Personal details
- Born: 1945 Kırıkhan, Turkey
- Died: 17 October 2014 (aged 68–69)

Military service
- Allegiance: Turkey
- Branch/service: Turkish Army
- Rank: Colonel

= Arif Doğan =

Turkish Gendarmerie commander

Arif Doğan (born Kırıkhan, Hatay Province, 1945 – 17 October 2014) was a commander in the Turkish Gendarmerie, and said to be one of the founders of the Gendarmerie's JITEM intelligence unit. He was a defendant in the Ergenekon trials, and in August 2013 was sentenced to 47 years in prison. He has stated in court that he founded JITEM in the late 1980s on the orders of Gendarmerie Commander Gen. Burhanettin Bigalı, with the approval of the Chief of Staff (Necip Torumtay) and of the Interior Ministry, and transferred control to Veli Küçük in 1990. He had previously claimed to have founded JITEM on his own initiative, and to have "frozen" it in 1990.

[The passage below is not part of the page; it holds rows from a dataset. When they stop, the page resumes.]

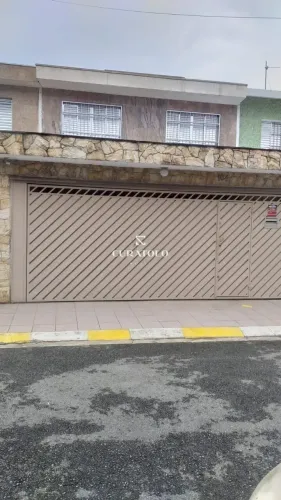 Sobrado para venda tem 211 metros quadrados com 4 quartos em Bom Retiro - São Paulo - SP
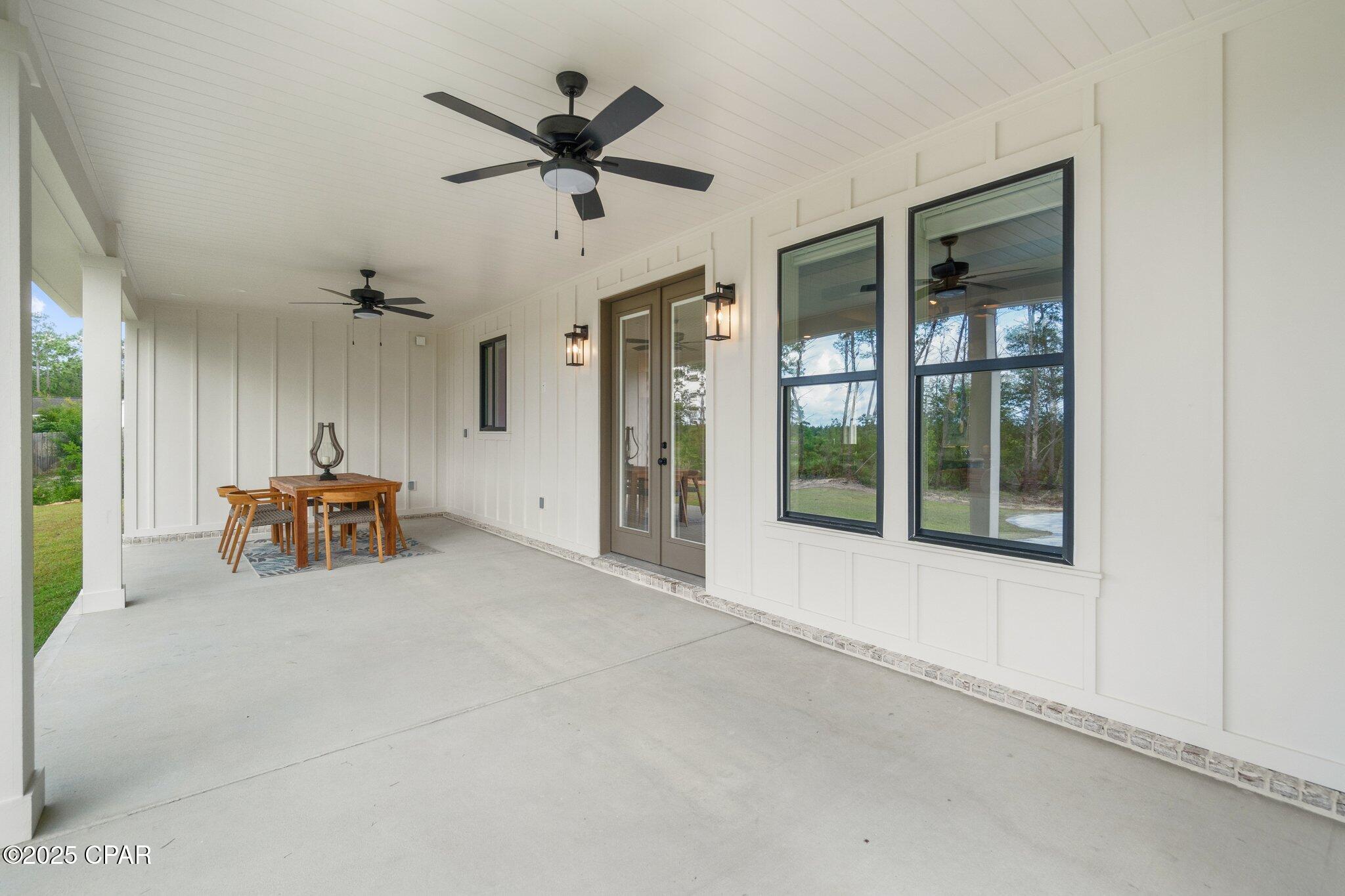 1709 White Western Lake Lane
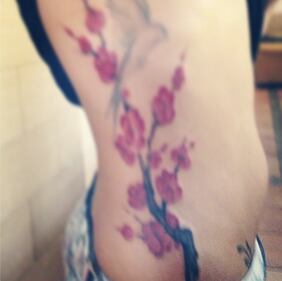 Emma Marrone fra rinascite, rock e tatuaggi 4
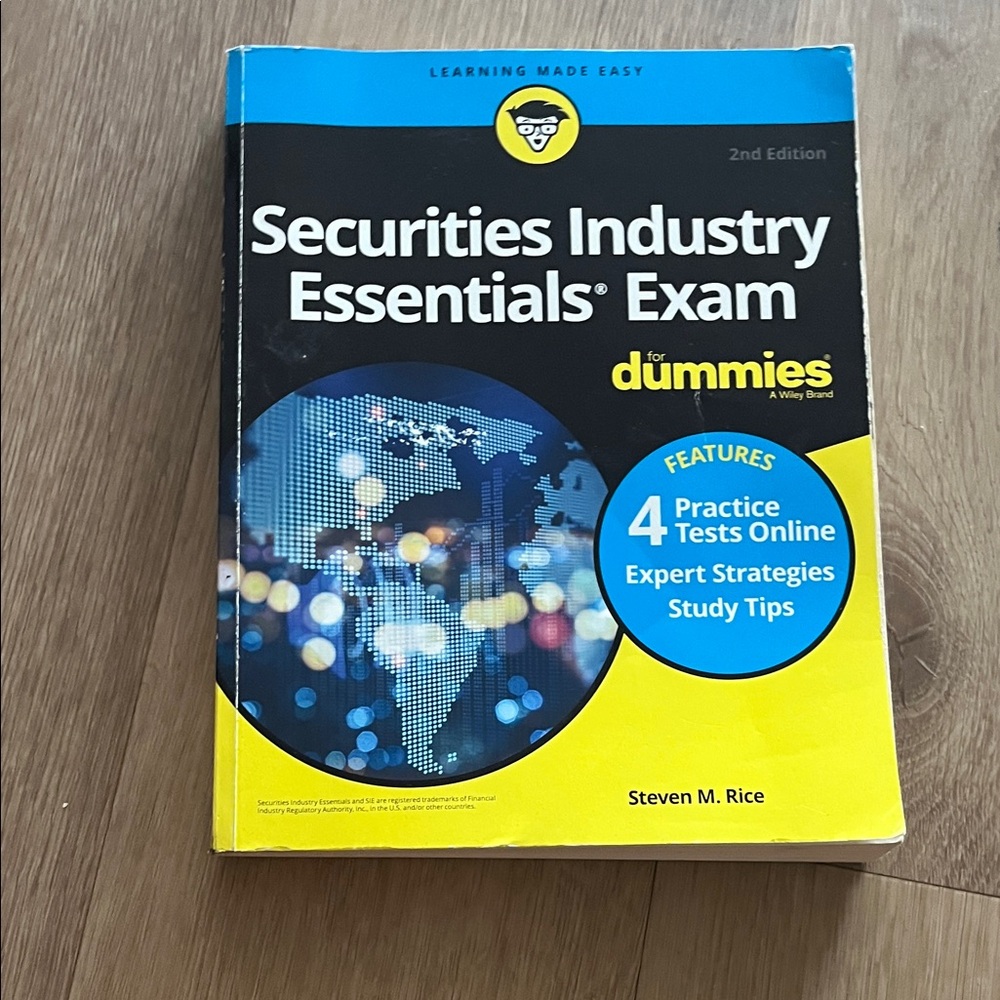 Barnes & Noble Securities Industry Essentials Exam for Dummies - Blue and Yellow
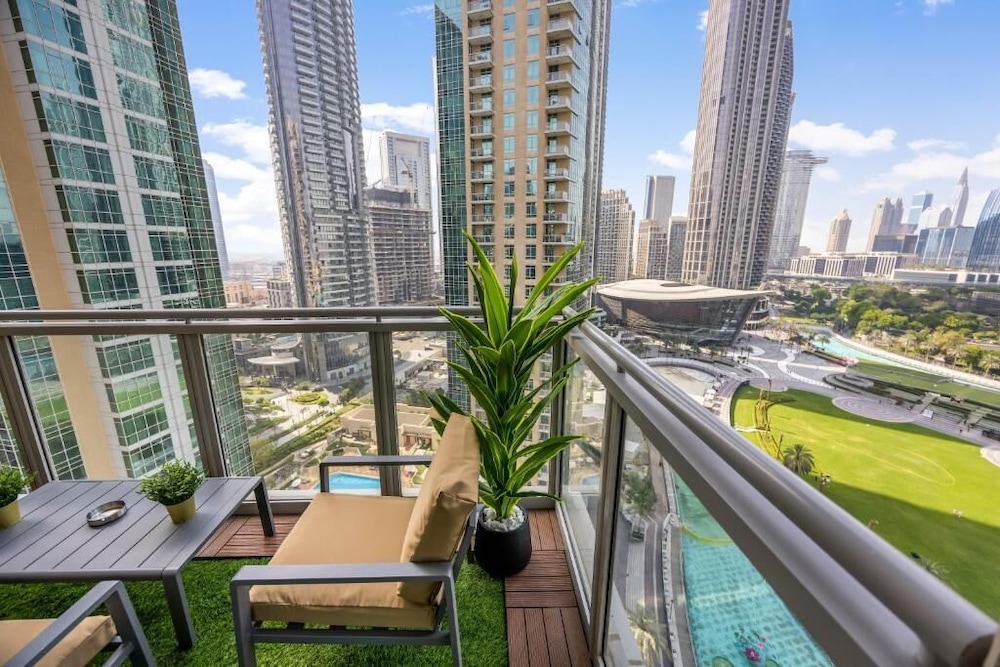 Durrani Homes - Modern Living 3br with Burj Khalifa and Fountain View - third room without partition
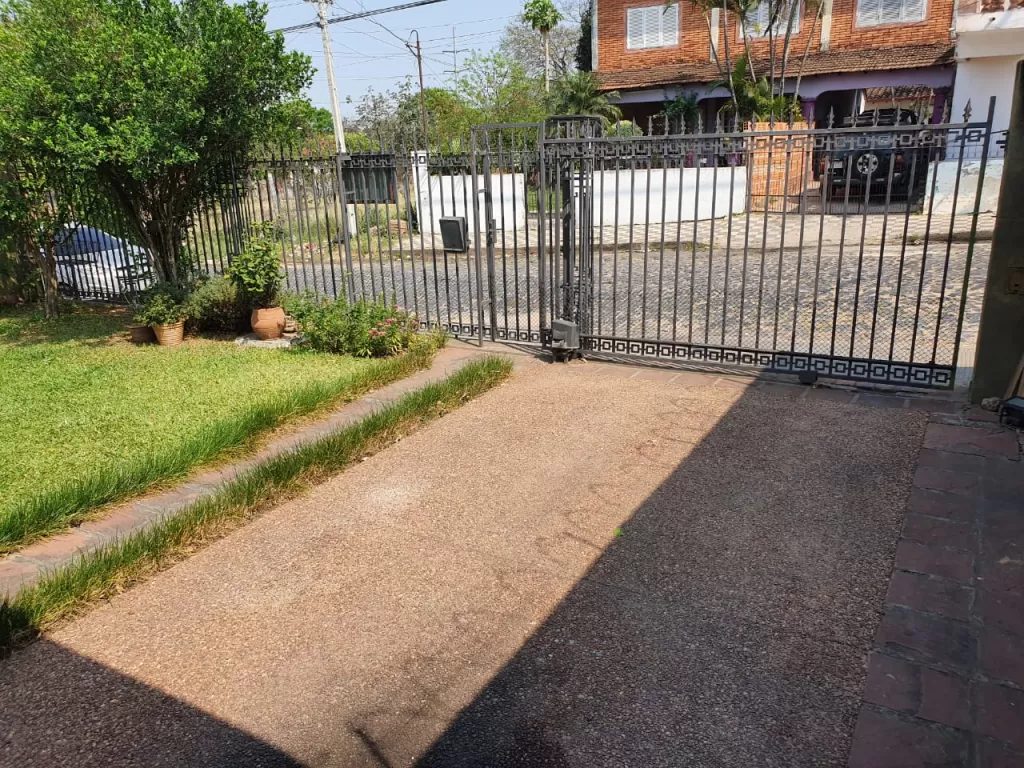 VENDO HERMOSA CASA EN BO. OBRERO — foto 3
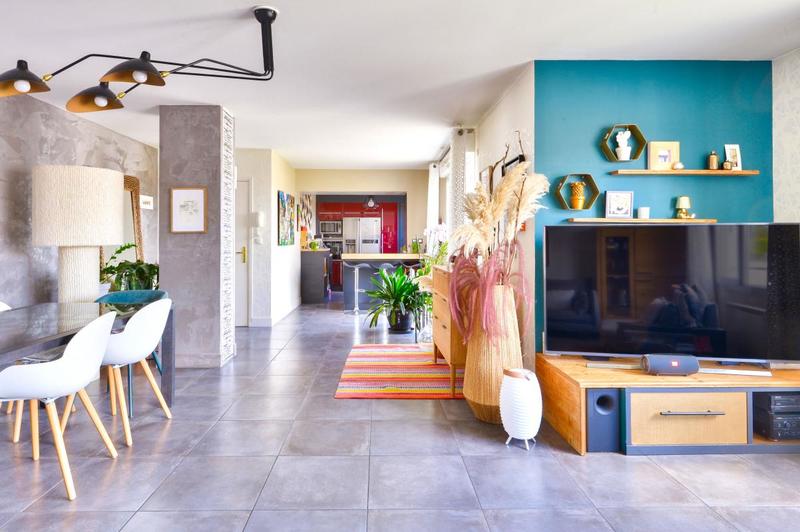 Appartement - 122 m² - 6 pièces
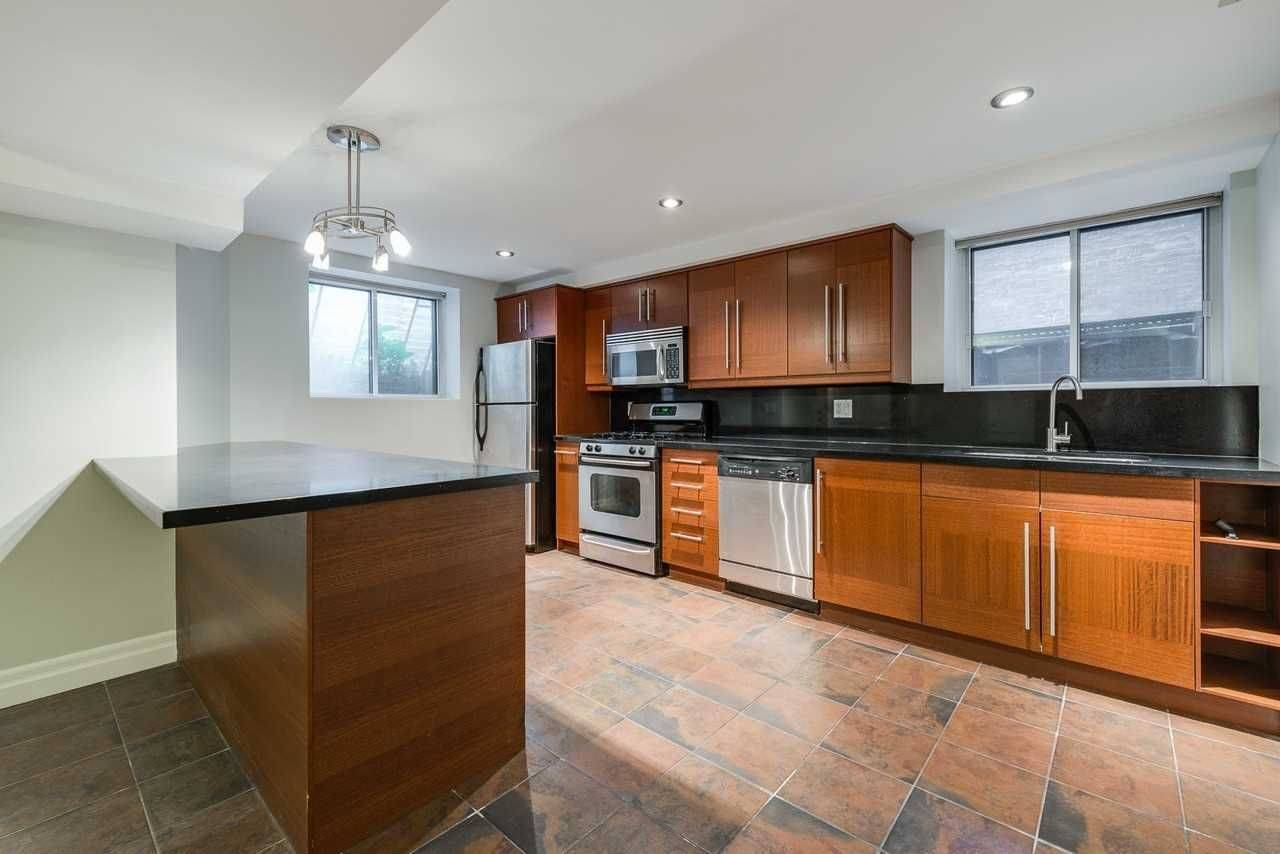 173-175 Madison AVE, Toronto C02, ON M5R 2S6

In 2010 a voice recording said to be of Doğan was anonymously posted online, in which Doğan said he had ordered the deaths of Eşref Bitlis and Cem Ersever, referring to the death of Bitlis (in a suspicious plane crash) as an "assassination". JITEM informant Abdülkadir Aygan said that this was true. Doğan said that the voice in the recording was his, but said the recordings had been spliced to incriminate him.

On 17 January 2011 Doğan, while testifying in court in the Ergenekon case, declared that he set up Kurdish Hizbollah as a contra group to fight and kill militants of the Kurdistan Workers' Party (PKK). The organization was originally to be called Hizbul-Kontr ("Party of the Contras").